Winner of the Dubai Sheema Classic at Meydan in March, the four-year-old son of Dubawi has run only three times since — disappointing in the Coronation Cup at Epsom before finishing third in Germany and winning the Northern Dancer Stakes in Canada last month.
Appleby said: “It was always my plan to come straight here after Canada. He has a great spring in his step and is full of beans.
“He’s by Dubawi, and as we all know, he’s capable of anything. I respect the claims of Bricks And Mortar greatly, as well as Aidan O’Brien’s horse, but Old Persian certainly won’t look out of place in the field and I’m happy with gate 10.
“Obviously we have lost horses from the Turf that will make our task more straightforward, but I’m not counting my chickens as it’s always a very tough race to win.”
William Buick partners Old Persian and is similarly hopeful ahead of the Sky Sports Racing-televised feature.
“He couldn’t have done it any better at Woodbine. It wasn’t the toughest of Group Ones, but it gave him a lovely confidence boost,” said the jockey.
“He looks great, he’s been a model of consistency and has tactical speed over that trip, which will be a big help to him.
“Bricks And Mortar was hugely impressive in the Arlington Million, but he’s stepping up a quarter of a mile in what is a fairly open affair. The race isn’t as strong as it looked like it was going to be, so hopefully we will go close.”
Bricks And Mortar very much heads the home team for trainer Chad Brown.
The son of Giant’s Causeway was winning his sixth race in succession when beating O’Brien’s Magic Wand by little under a length in the Arlington Million on his latest outing, and now tests the water over a mile and a half for the first time.
“If he gets the mile and a half I think he’s going to be tough (to beat).
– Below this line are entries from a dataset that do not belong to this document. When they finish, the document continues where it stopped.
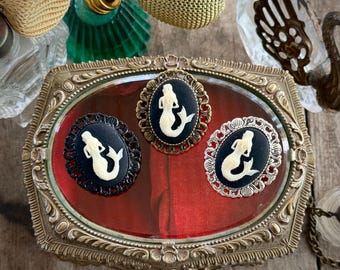 Mermaid Brooch in Antique Brass, Silver or Black. Vintage Inspired Fantasy Cameo Pin that Converts to a Necklace.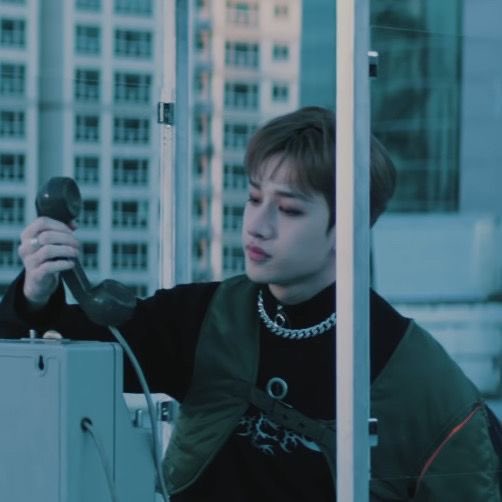 noahsbstn's tweet photo. hi, i am “noah” ark sebastian from @nzwzrskz's 1975 au. 4th year med tech. 1/8 supremos.

like/rt to be mutuals. please retweet to spread, too. thank you. https://t.co/ynJvVQqqE8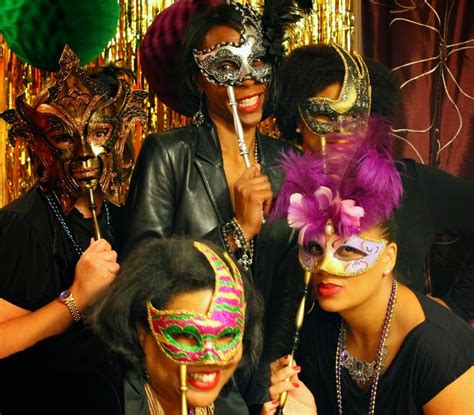 By artshine on 6 january 2018 in artist's long lunch, artists dinner event, events. Cupcake Wishes & Birthday Dreams: {Real Party} Mardi Gras ...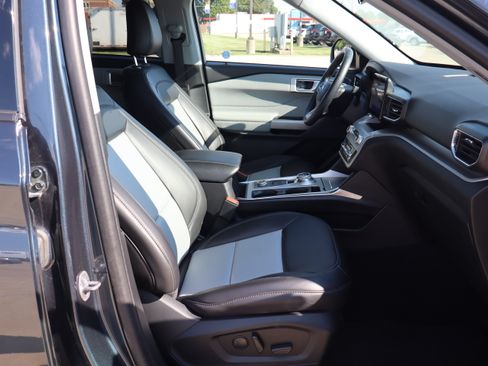 Used 2024 Ford Explorer XLT w/ Equipment Group 202A AWD/4WD image 14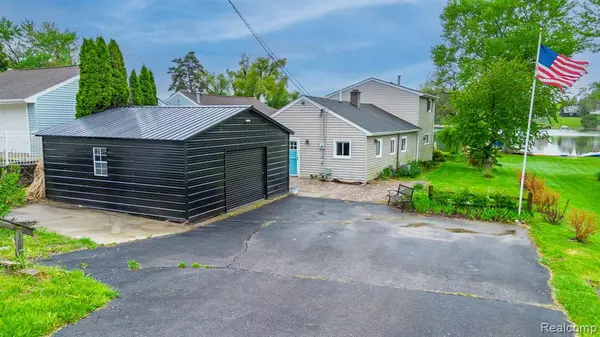 Lake Orion, MI 48362,656 Lawson Drive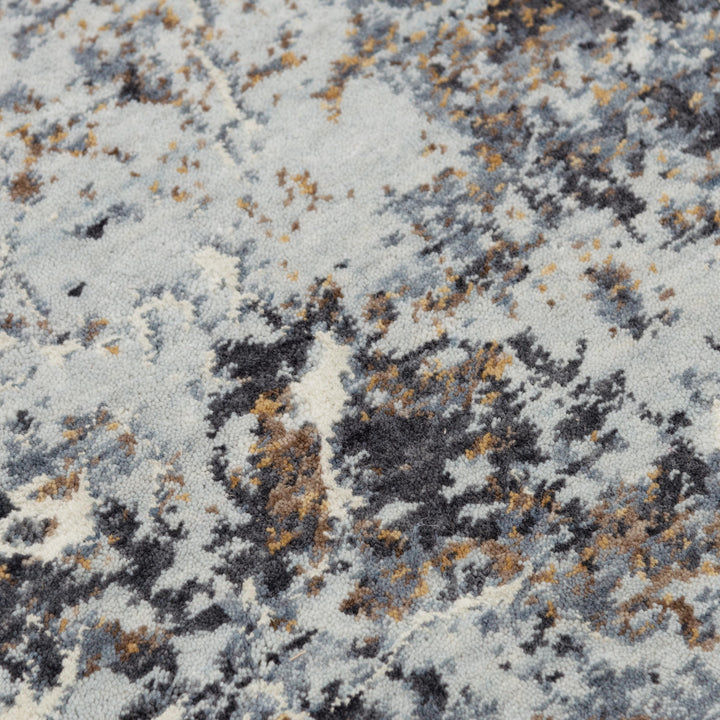 LOG731 Rizzy Home Logan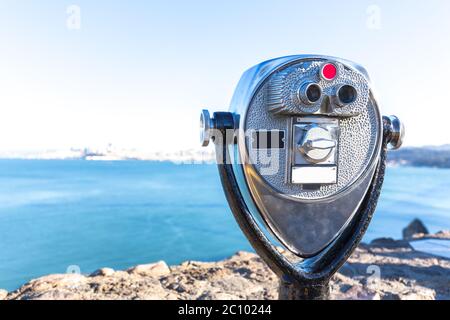 Télescope touristique avec vue sur la mer à San Francisco aux beaux jours Banque D'Images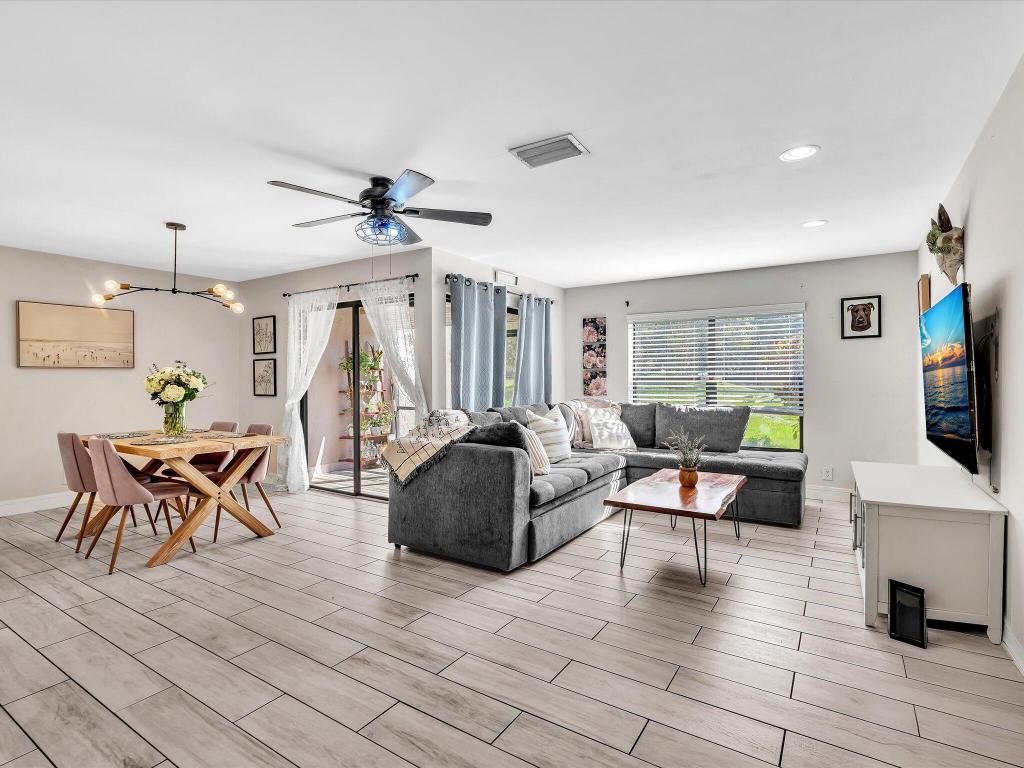 POND APPLE PLACE II CONDO - Residential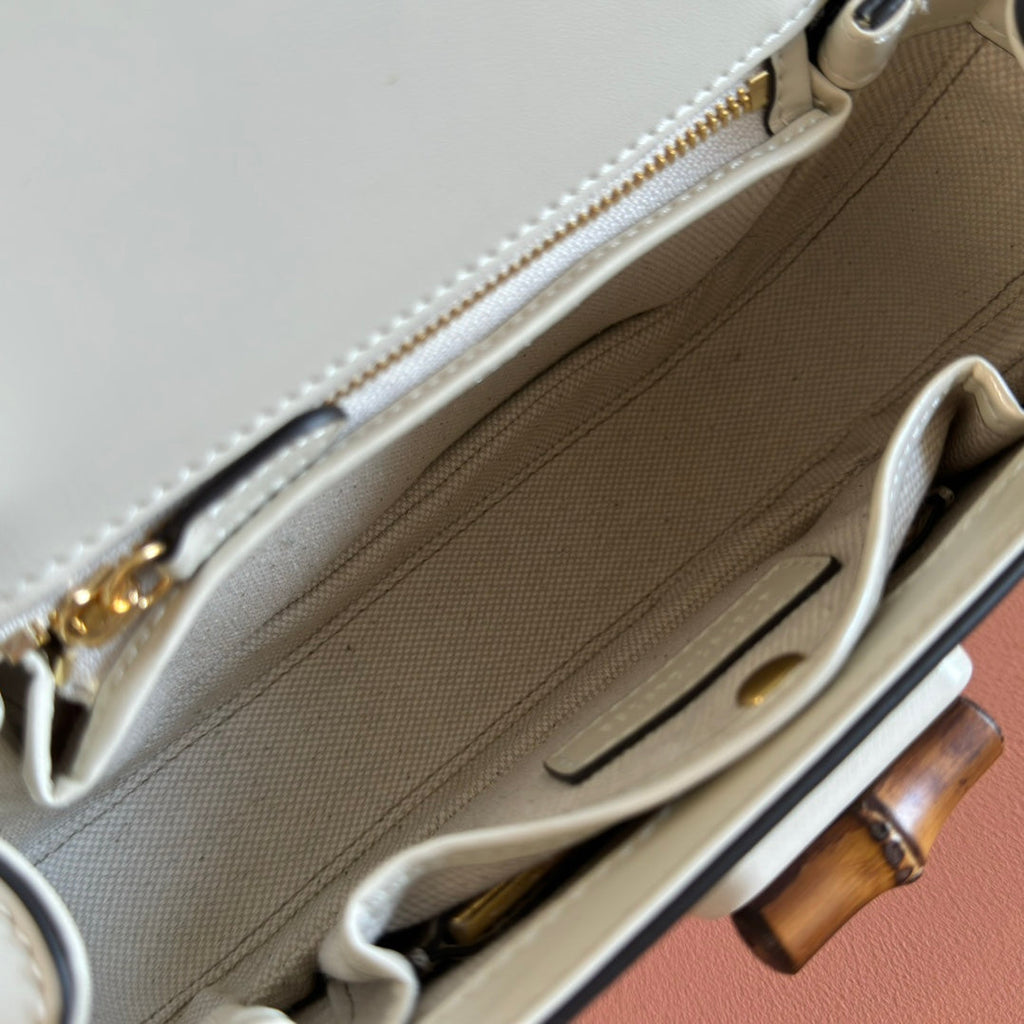 GUCCI BAMBOO MINI BAG 21 WEISS AUS KALBSLEDER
He’s training great and he’s really settled in his work, so I think he’ll stay the mile and a half no problem,” Brown told Sky Sports Racing.
“I think when you look at previous editions of this race, it definitely could be argued there’s been much stronger fields, but nevertheless it’s a full field and there’s some really nice horses in there.
“You’re going to have to run a really good race to win.”